Exaggerated gaps between baby or adult teeth can sometimes be observed in children. The most common causes are either inadequate lingual posture or a lack of harmony between tooth and jaw size. In both cases, a visit to the orthodontist is necessary to manage the situation. In the first case, the orthodontist may refer the child to a speech therapist. A combination of causes is always possible.
A tooth is impacted when it has not yet emerged from the mouth, when it should according to chronology, and when its root is at least half developed. In children, the most frequently impacted tooth is the upper canine. This type of anomaly can occur unilaterally (on one side) or bilaterally (on both sides). It’s vital to consult an orthodontist immediately, as the prognosis diminishes rapidly over time.
The longer you wait to intervene, the more you expose yourself to complications.

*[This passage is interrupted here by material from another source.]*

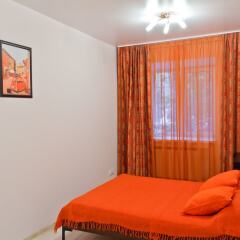 Апартаменты Apartment ALLiS-HALL on Malysheva 73a комната для гостей фото 4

Examination too late can lead to the need for traction surgery. Resorption of neighbouring teeth (root damage) can also occur, up to and including the loss of an upper incisor (a “paddle” or lateral).
Occasionally, there is an exaggerated space between the two central incisors (the paddles). The most frequent causes are delayed eruption of adjacent adult teeth, or the presence of an exaggeratedly large labial frenulum (fillet of the lip). Both situations merit a visit to the orthodontist, who will advise you on the measures to be taken.
The eruption of baby and adult teeth requires extraordinary coordination. Occasionally, a baby tooth refuses to erupt in the desired sequence. An orthodontic examination can help determine the best time to extract the problematic tooth, since extraction too early or too late can bring its own set of problems.